How to shuffle data DataLoader

PytorchHow-ToBeginner · 3 min read

How to Shuffle Data in PyTorch DataLoader

To shuffle data in PyTorch's DataLoader, set the parameter shuffle=True when creating the DataLoader. This ensures the data is randomly ordered each epoch, which helps improve model training by reducing bias from data order.

📐

Syntax

The DataLoader class in PyTorch has a shuffle parameter that controls whether the data is shuffled each time it is loaded. Setting shuffle=True randomizes the order of data samples.

dataset: The dataset to load data from.
batch_size: Number of samples per batch.
shuffle: Set to True to shuffle data every epoch, False to keep order.

python

torch.utils.data.DataLoader(dataset, batch_size=1, shuffle=False, ...)

💻

Example

This example shows how to create a DataLoader with shuffled data from a simple dataset of numbers. Each epoch prints batches in a different random order.

python

import torch
from torch.utils.data import DataLoader, TensorDataset

# Create a simple dataset of numbers 0 to 9
data = torch.arange(10)
dataset = TensorDataset(data)

# DataLoader with shuffle=True
loader = DataLoader(dataset, batch_size=3, shuffle=True)

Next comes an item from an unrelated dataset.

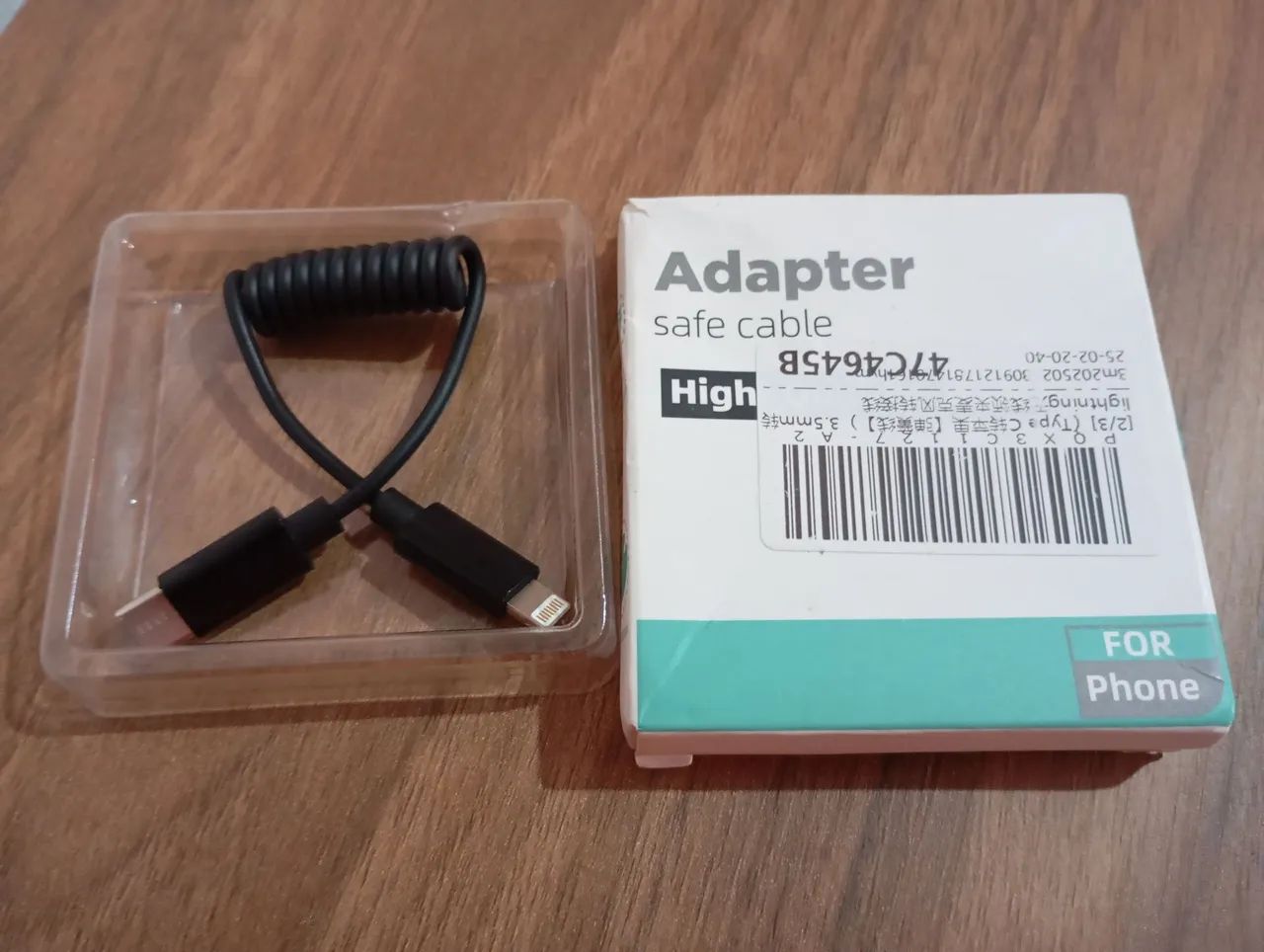 Mini Cabo aspiral com conectores lightning e USB - C. - Foto 3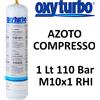 OXYTURBO Bombola azoto 1 Lt Oxyturbo gas per condizionatori pressatura lavaggio impianti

print('Shuffled batches:')
for epoch in range(2):
    print(f'Epoch {epoch + 1}:')
    for batch in loader:
        print(batch[0].tolist())

Output

Shuffled batches: Epoch 1: [7, 0, 3] [1, 9, 6] [8, 5, 4] [2] Epoch 2: [4, 0, 3] [9, 7, 6] [1, 5, 8] [2]

⚠️

Common Pitfalls

One common mistake is forgetting to set shuffle=True, which causes the data to be loaded in the same order every epoch. This can lead to poor model generalization because the model sees data in a fixed sequence.

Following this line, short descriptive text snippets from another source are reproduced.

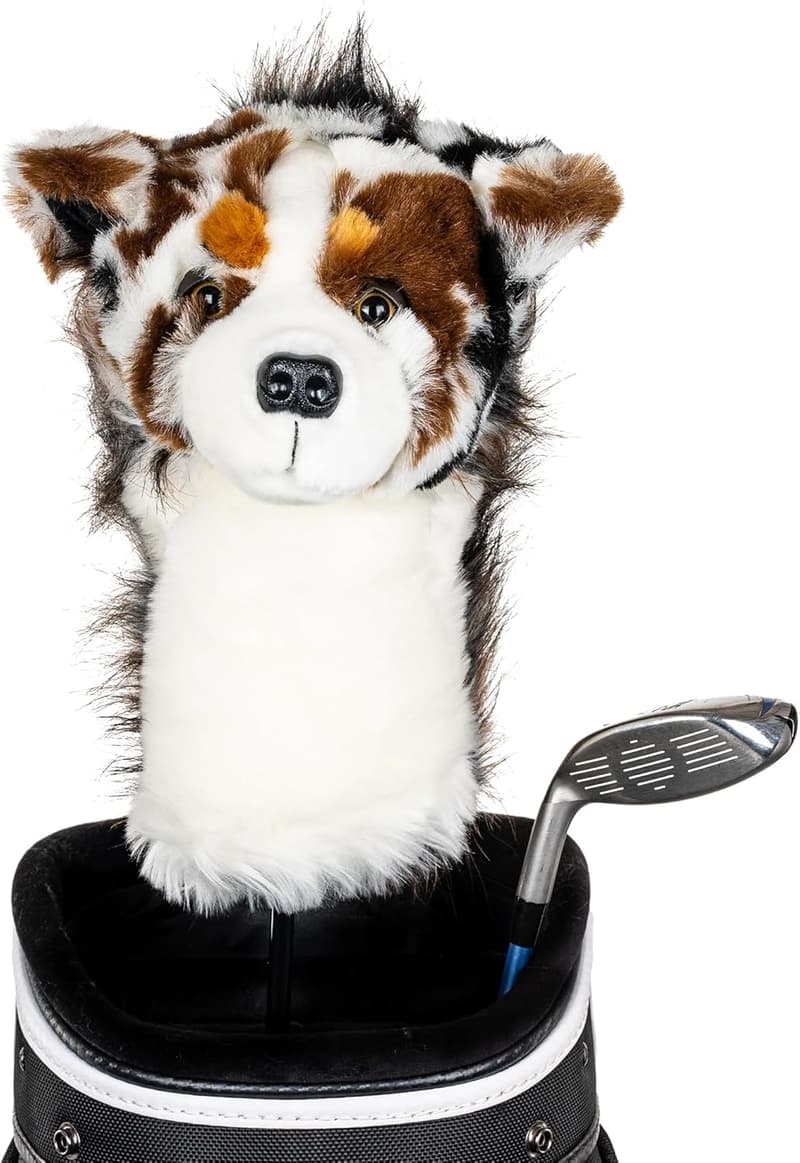 Australian Shepherd Driver Headcover | Premium Golf Club Protection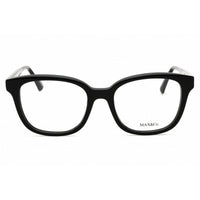 Max & Co Women's Eyeglasses - Shiny Black Acetate Rectangular Frame | MO5144 001 ,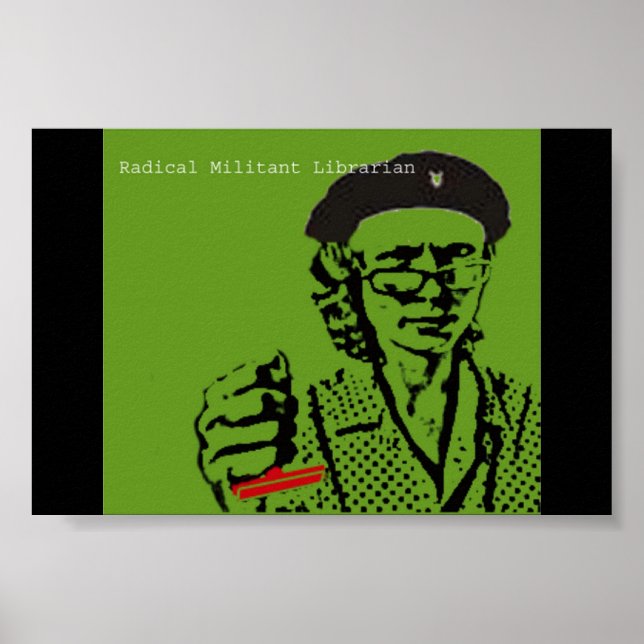 Guerilla Librarian Poster (Framsidan)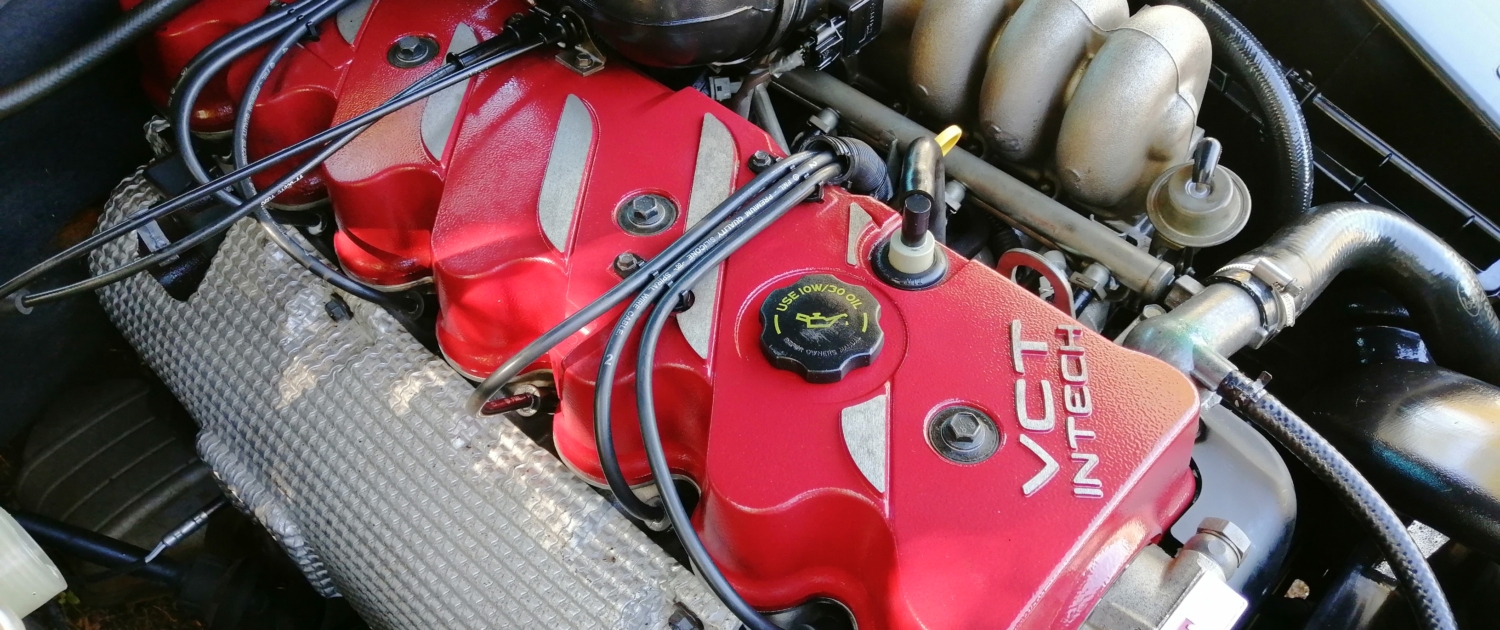 Sean's AU Fairmont Ghia VCT Intech Engine Bay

Another pitfall is using shuffle=True with batch_size=1 in very small datasets, which might not show much difference.

python

from torch.utils.data import DataLoader, TensorDataset
import torch

data = torch.arange(5)
dataset = TensorDataset(data)

# Wrong: shuffle=False (default)
loader_no_shuffle = DataLoader(dataset, batch_size=2)
print('No shuffle batches:')
for batch in loader_no_shuffle:
    print(batch[0].tolist())

# Right: shuffle=True
loader_shuffle = DataLoader(dataset, batch_size=2, shuffle=True)
print('Shuffle batches:')
for batch in loader_shuffle:
    print(batch[0].tolist())

Output

No shuffle batches: [0, 1] [2, 3] [4] Shuffle batches: [3, 0] [4, 1] [2]

📊

Quick Reference

Remember these tips when shuffling data in PyTorch DataLoader:

Use shuffle=True to randomize data order each epoch.
Shuffling helps prevent model overfitting to data order.
For validation or test sets, keep shuffle=False to maintain consistent evaluation.
Shuffling works only if the dataset supports indexing.

✅

Key Takeaways

Set shuffle=True in DataLoader to randomize data order each epoch.

Shuffling improves model training by reducing bias from fixed data order.

Keep shuffle=False for validation and test DataLoaders to ensure consistent evaluation.

Shuffling requires datasets that support indexing.

Without shuffle=True, data loads in the same order every epoch.